* Exercise directions: The line with "Chain, silver-finished aluminum, 11mm" starts the range, and the last line of the listing ends it. Retype that range exactly, without pictures.

* Source material:
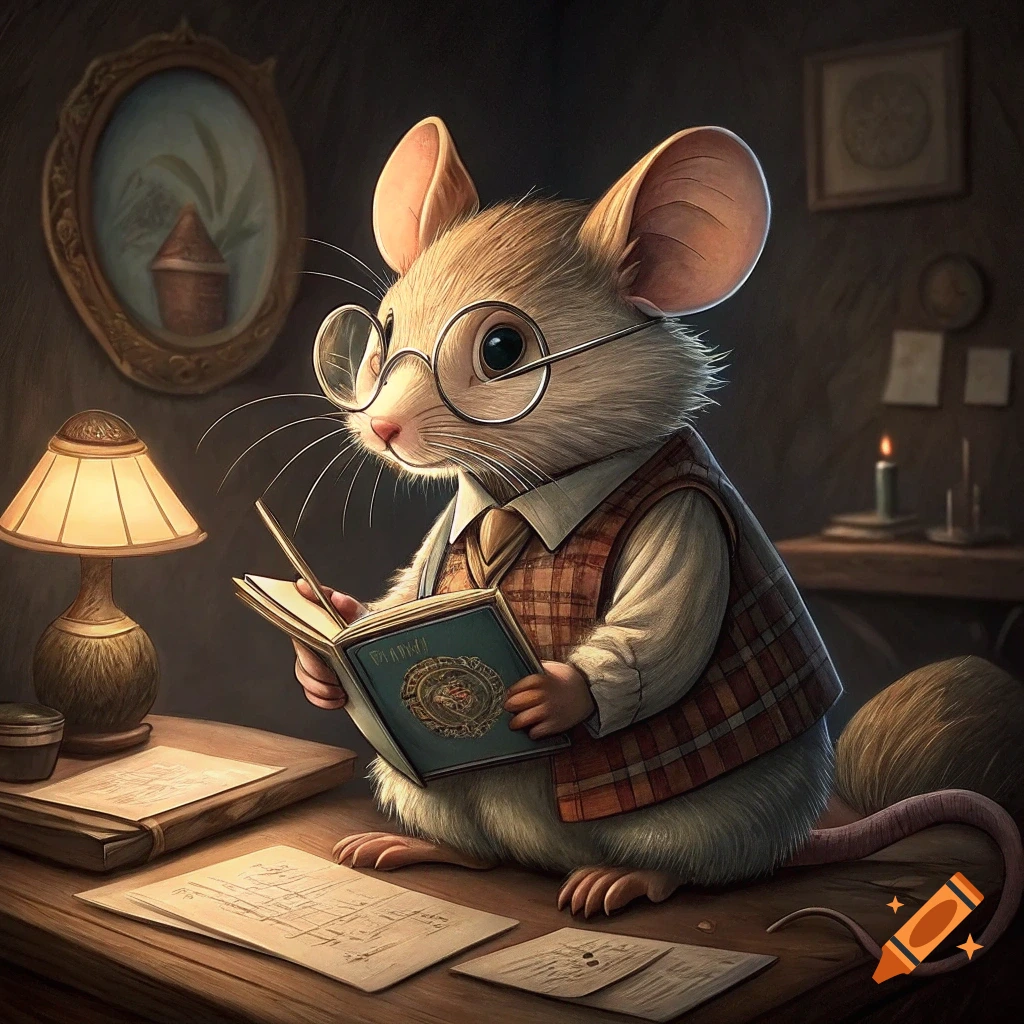 Cartoon mouse in glasses and vest reads a book at a desk with papers.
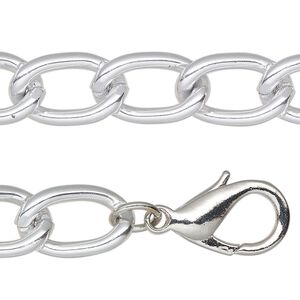 Chain, silver-finished aluminum, 11mm curb. Sold per pkg of 46 inches.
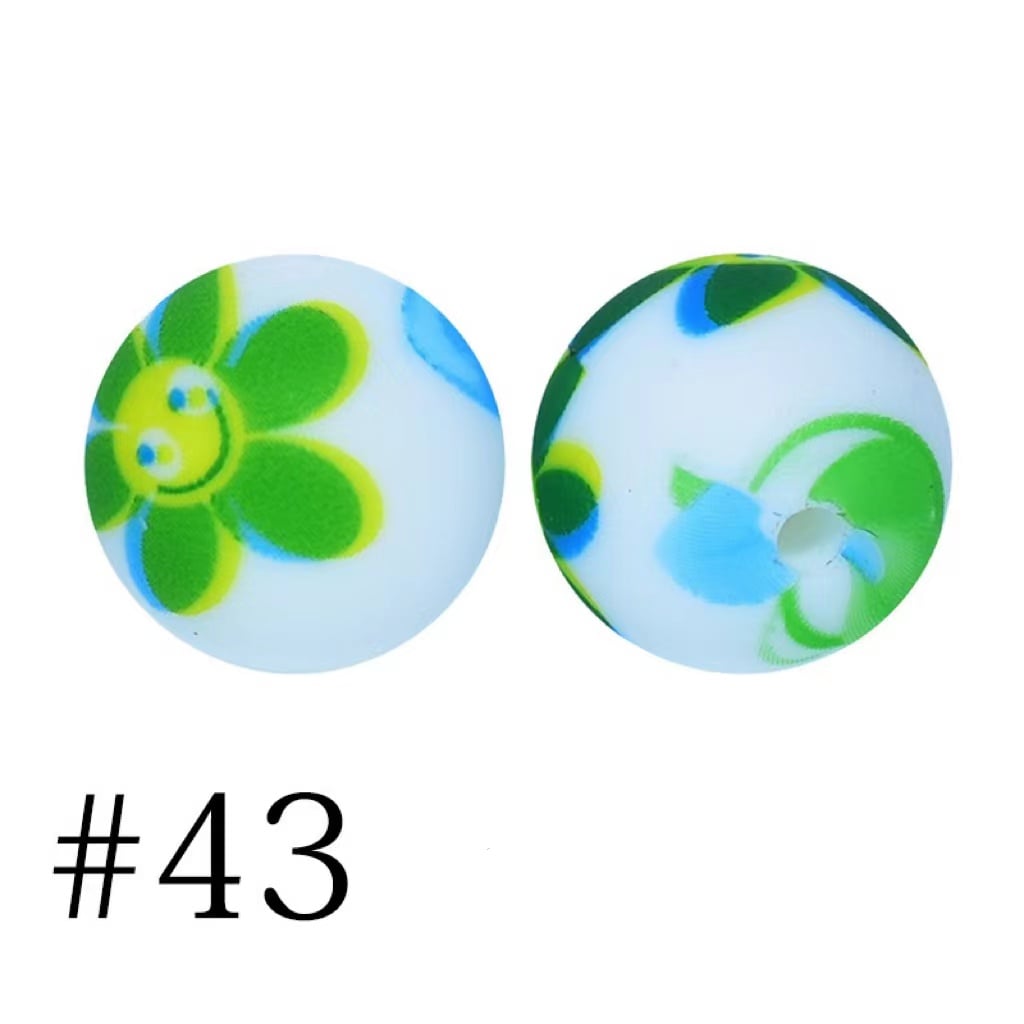 緑の花がプリントされたシリコン ビーズ 番号 43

* Answer below:
 Chain, silver-finished aluminum, 11mm curb. Sold per pkg of 46 inches.
 緑の花がプリントされたシリコン ビーズ 番号 43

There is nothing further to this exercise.